Instead of using the market, it's kind of left both ends of the exchange where it's off. It's going to make Melbourne people poorer because they're going to have to pay an awful lot more money than what they would have had to. And it's going to make rural people poorer because they're just going to end up with having to service this infrastructure which is not going to work.

Matt Smith:

Is the simple solution to saving water simply to raise the prices of it?

Lin Crase:

Well, it depends. This is why the government's getting nervous. So for example, some of their colleagues put forth this idea of scarcity pricing. Imagine Melbourne that relies on reservoirs on the other side of the divide from where we are at the moment.

So imagine those reservoirs are falling. One way that you might look to try and choke off demand for that water is to have the price rise at the same time. So as dam falls, price goes up. Now, the crawler of that of course is in wet years, when the dam starts to fill, the large eco-thing would be for the price to fall.

Matt Smith:

It probably wouldn't.

Lin Crase:

Well you're starting to see some of the political dilemma, you see. But this is called scarcity pricing and some people at ANU have been doing some work on this, it is one potential policy response. As storages fall, the price goes up.

People receive a clear signal in terms of the scarcity value of that water. And as the dam fill, of course, price would fall. To reflect the fact that it's not as scarce anymore. There have been some modelling done on this and it shows that to a very large extent it would deal with the problems of excess demand.

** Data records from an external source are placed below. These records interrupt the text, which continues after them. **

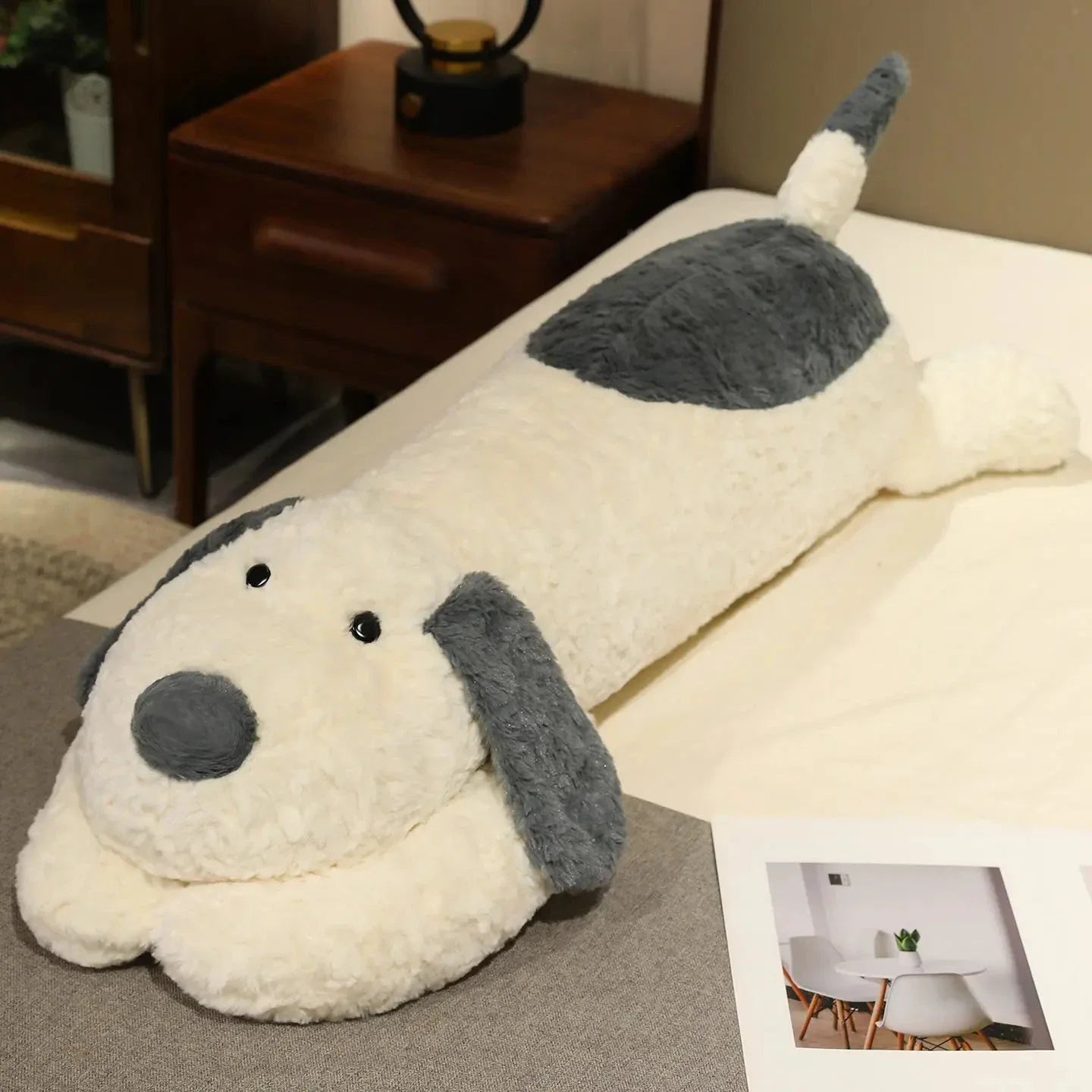 Snoozie the Sleepy Puppy Hug Pillow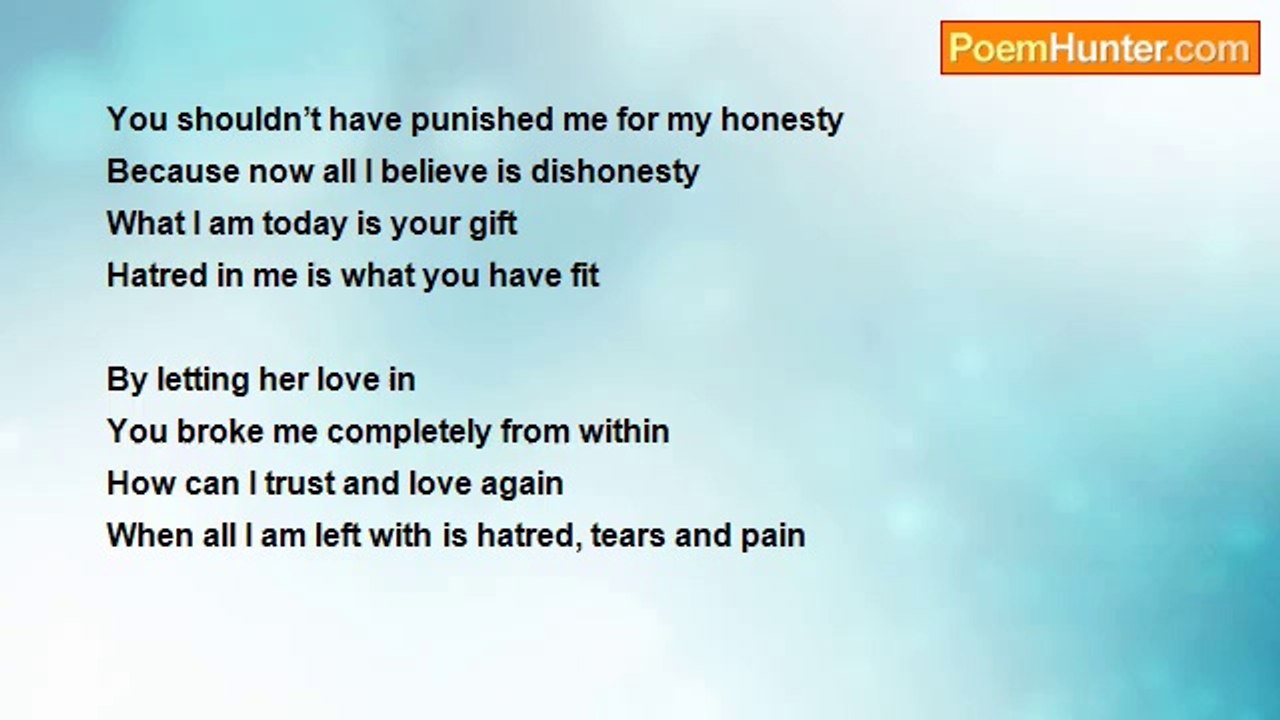 Krupa ... - Why Punish Me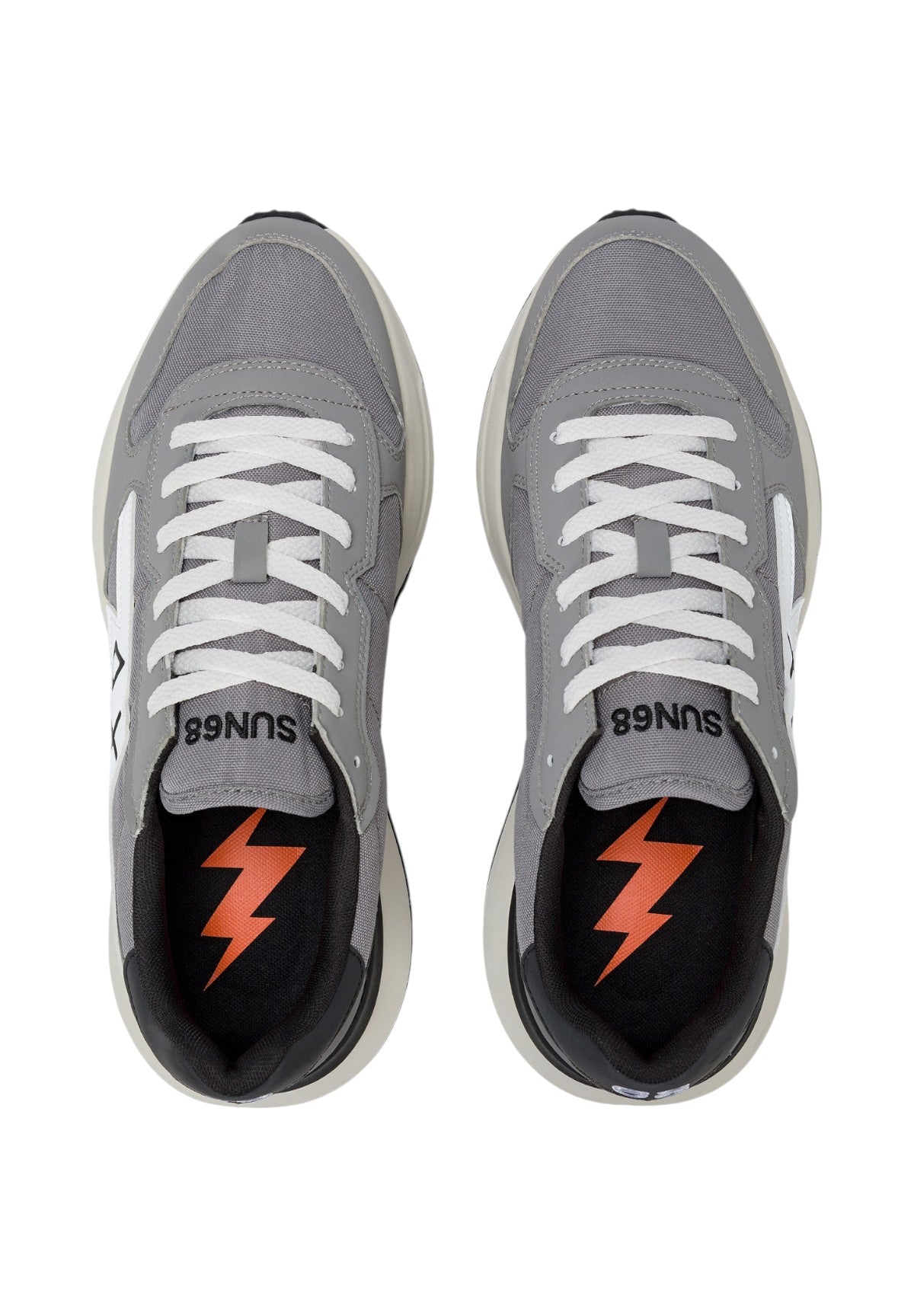 Sneakers Niki 2.0 Solid Z45120 Grigio medio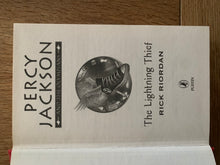 Percy Jackson and the Olympians - The Lightening Thief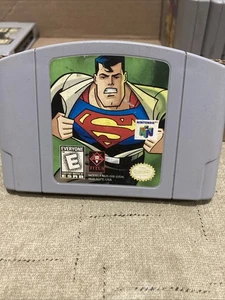 Superman (Nintendo 64, 1999) / (N64) - Original - Getestet - Nur Cartridge - Bild 1 von 10
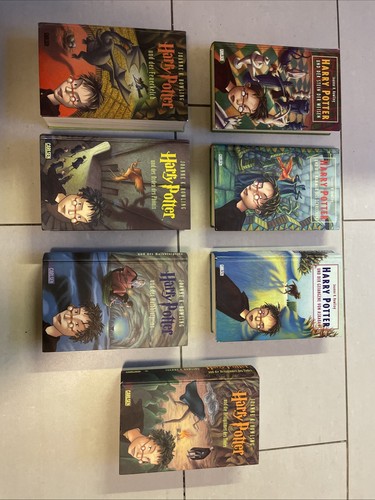 Harry potter büchersammlung - harry,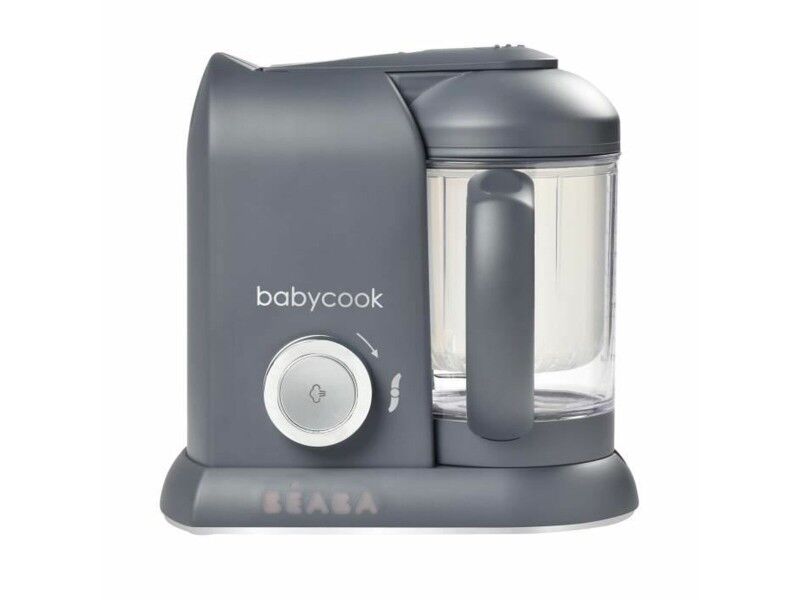 Robot Kuchenny Béaba Babycook Solo Szary 1,1 L 4 w 1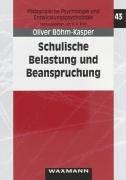 Belastung und Beanspruchung am Gymnasium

But of course the political challenge is allowing that to happen. I'm not sure whether people in Victoria actually realize how political water prices are. For example, 30% of the residents of Victoria get a rebate off their water bill. We provide a rebate to people who have healthcare card. Now I find it very hard to believe that 30% of the Victorian population actually needs a subsidy for this service. I'm not saying that they are not poor people within their community. And these are the people that need our assistance. In my mind, I just can't see that 30% of the Victorian population need a discount off their water bill, is this the appropriate way to be dealing with problems of income distribution and this is kind of a long-standing problem that we have with water in particular. Is that government's always want to fiddle with water as a vehicle for dealing with income distribution. Now, anybody who's passed economics 101 would know that you don't do this. The way you deal with problems of income distribution is through the taxation system. We tax people who are fortunate enough to earn more. And we redistribute that back through the safety net system, if you like. We don't fiddle with the allocation resources. We don't do it with petrol. We don't say to poor people or 30% of Victorians, he have a rebate of off your petrol bill. We know that that would just be dumb. We're sending the wrong signals to a third of the population in terms of their consumption of their product.

Matt Smith:

What do you see as the best way forward and what would be the next best step from your perspective?

Lin Crase:

You want to talk about Melbourne or you want to talk about…?

Matt Smith:

Your choice, your choice.

Lin Crase:

It's my podcast.

Matt Smith:

Yes.

Lin Crase:

Look, a sensible thing to do would be; one obviously I'm very concerned about the vast sums of public money at the federal and state level that are going into irrigation infrastructure. If we could slow that down, that would certainly help.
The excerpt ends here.